Tuesday, August 27, 2013

Nuance Eludes the Technology and Employment Story

David Autor replied to my earlier critique. Here is my response:

Dear David Autor,

Thanks so much for your thoughtful and prompt reply. I appreciate your purpose to, as you say, "give a more nuanced interpretation of the legitimate concerns surrounding the impact of rapid technological [change] on job opportunities." My point was actually that invoking the lump-of-labor canard poses a hindrance rather than a help to achieving that laudable objective, which I share. As I wrote, my intention was not so much to dispute your arguments about technology and employment or even about the lump-of-labor notion itself as to bring to your attention the positive contribution that could be made by giving a fair hearing to the actual views of those who are worried about technological unemployment.

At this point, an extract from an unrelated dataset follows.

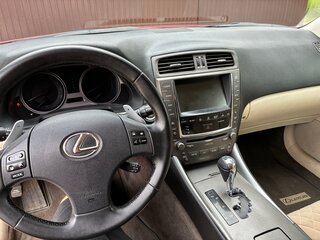 2010 Lexus IS 250 II Рестайлинг 2, красный, 1500000 рублей, вид 5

I didn't "miss" your point at all, instead I chose to avoid piling a gratuitous critique of your conclusion on top of my main criticism of your premise. But since you asked... I would characterize your outlook and prediction as fitting neatly into Keynes's category of "too easy, too useless a task if in tempestuous seasons they [economists] can only tell us that when the storm is long past the ocean is flat again." Your "too easy, too useless" outlook and prediction flows seamlessly from the unexamined premise of viewing labor as a commodity. Karl Polanyi argued that such a description of labor is "entirely fictitious" yet actual markets are based on this fiction.

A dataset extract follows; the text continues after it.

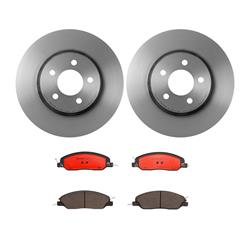 Brembo - Brake Rotor and Pad Combos for 2006-2010 MUSTANG - KT00427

An alternative description of labor is as a commons, or to use the late Elinor Ostrom's term, a "common-pool resource." The words and actions of ordinary workers, trade unions and even machine-breakers make a great deal more sense from the perspective of treating labor as a common-pool resource rather than as a commodity. By contrast, the inane assumption attributed to workers by their detractors is itself predicated on the unstated assumption of the unquestionable commodity status of labor. Profoundly different policy implications flow from the two contrasting assumptions, as do fundamentally different predictions about the future. It seems to me that a "more nuanced interpretation of the legitimate concerns..." would seek to include both the common-pool resource and the commodity interpretations of labor rather than to exclusively feature the latter while inadvertently disparaging the former by attributing it to a belief in a spurious fallacy.

I'm only scratching the surface here. I could go into much more detail and provide extensive reference on the question of viewing labor as a commodity versus viewing it as a common pool resource but life is short and I don't want to annoy you with unsolicited "singing lessons."